Task to complete: Restate the records word for word. Include no pictures.

Entries taken from a collection
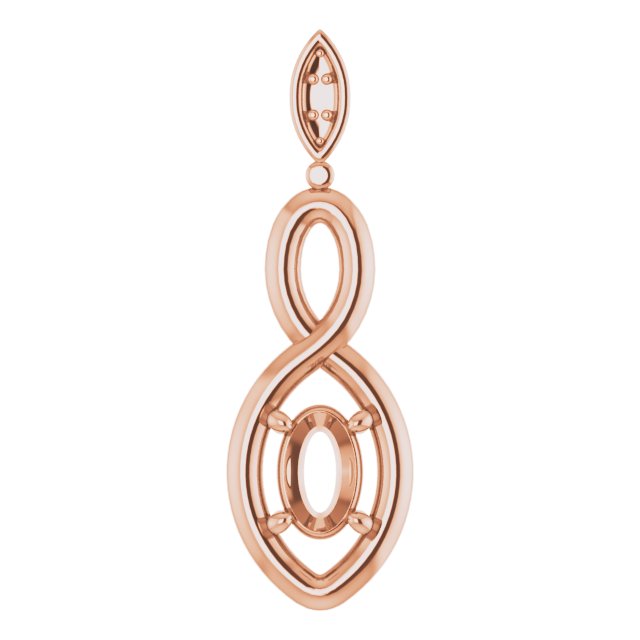 Infinity-Inspired Pendant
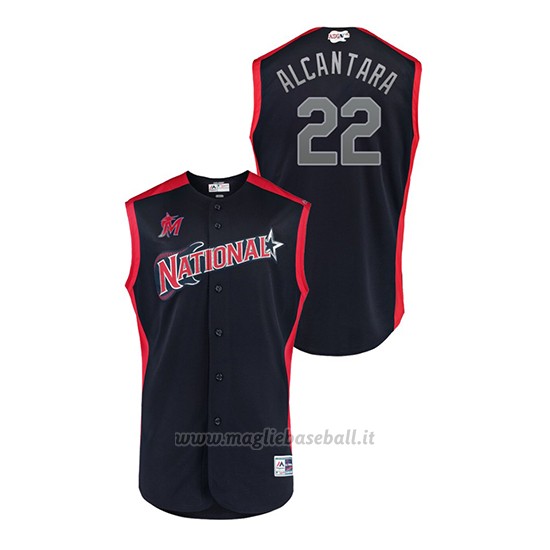 Maglia Baseball Bambino Miami Miami Marlins 2019 All Star Game Player National League Sandy Alcantara Blu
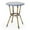 Multi-color, variant on Noble House Groveport Outdoor 21.75" French Round Aluminum Bistro Table with Tabletop, White/Navy Blue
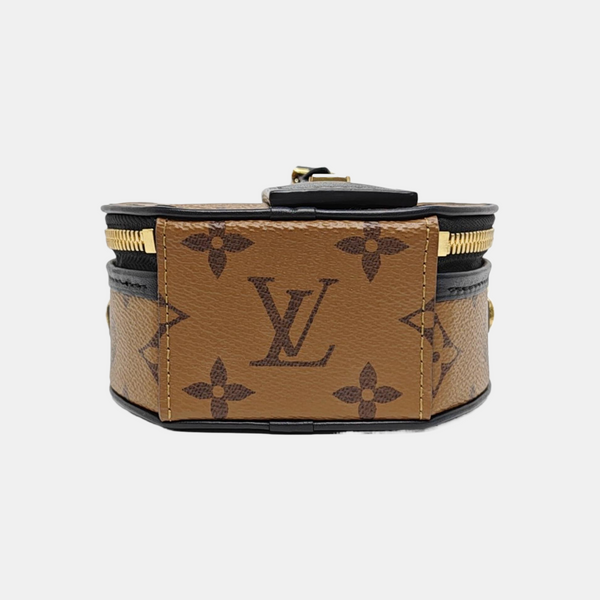 BOITE CHAPEAU Mini Monogram Coated Canvas Brown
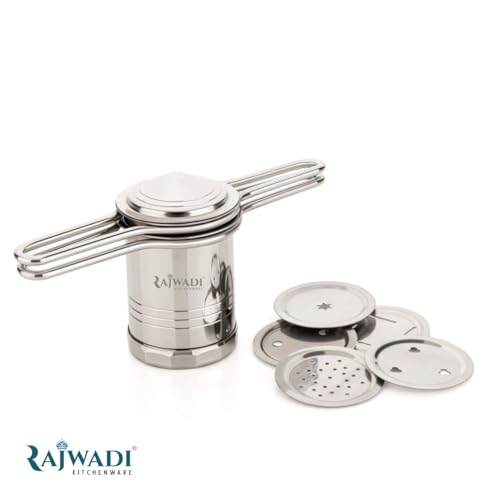 Image of Rajwadi Stainless Steel Press Sev Sancha Machine /Muruku Maker /Idiyappam Maker /Dab sev Sancha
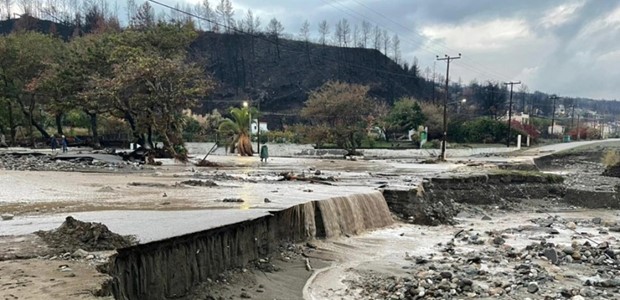 Η κακοκαιρία «Αθηνά» σάρωσε την Βόρεια Εύβοια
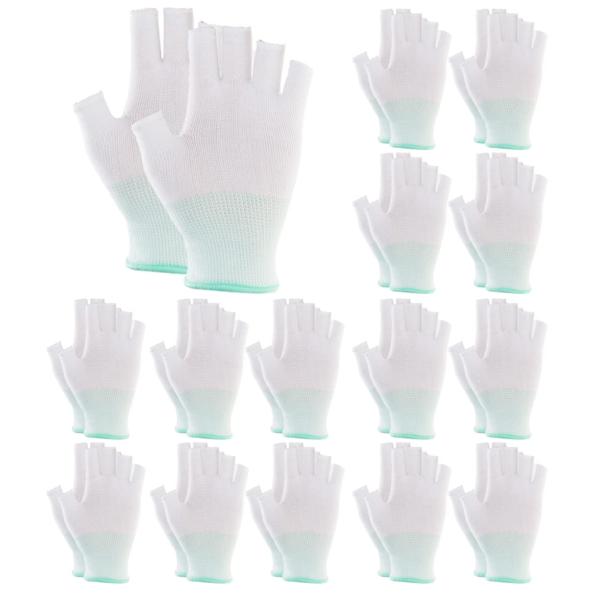 [heizi] 手袋 指なし 15双セット 指出し 軍手 滑り止め 加工 ゆびなし手袋 作業用 ゆび...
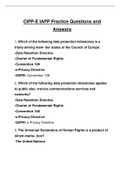 CIPP,E IAPP Practice Questions and Answers.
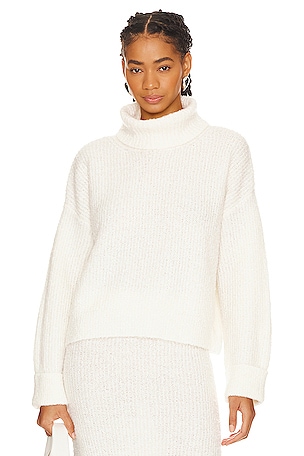 Women's White Turtleneck, Mock Neck, & Cowl Neck Sweaters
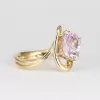3ct Radiant Cut Lyric Pink Sapphire Modern Ring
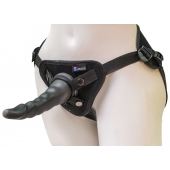 Комплект из трусиков Harness и двух насадок - 20,5 и 18 см. - LOVETOY (А-Полимер) - купить с доставкой в Раменском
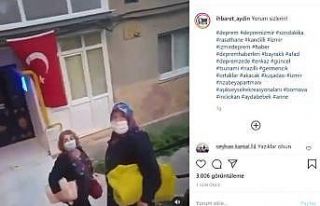 Deprem fırsatçılarını böyle görüntüledi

Your response:
 Infinity-Inspired Pendant
 Maglia Baseball Bambino Miami Miami Marlins 2019 All Star Game Player National League Sandy Alcantara Blu
 Multi-color, variant on Noble House Groveport Outdoor 21.75" French Round Aluminum Bistro Table with Tabletop, White/Navy Blue
 BOITE CHAPEAU Mini Monogram Coated Canvas Brown
 Image of Rajwadi Stainless Steel Press Sev Sancha Machine /Muruku Maker /Idiyappam Maker /Dab sev Sancha
 Η κακοκαιρία «Αθηνά» σάρωσε την Βόρεια Εύβοια
 [heizi] 手袋 指なし 15双セット 指出し 軍手 滑り止め 加工 ゆびなし手袋 作業用 ゆび...
 CIPP,E IAPP Practice Questions and Answers.
 Women's White Turtleneck, Mock Neck, & Cowl Neck Sweaters
3ct Radiant Cut Lyric Pink Sapphire Modern Ring
 Комплект из трусиков Harness и двух насадок - 20,5 и 18 см. - LOVETOY (А-Полимер) - купить с доставкой в Раменском
 Deprem fırsatçılarını böyle görüntüledi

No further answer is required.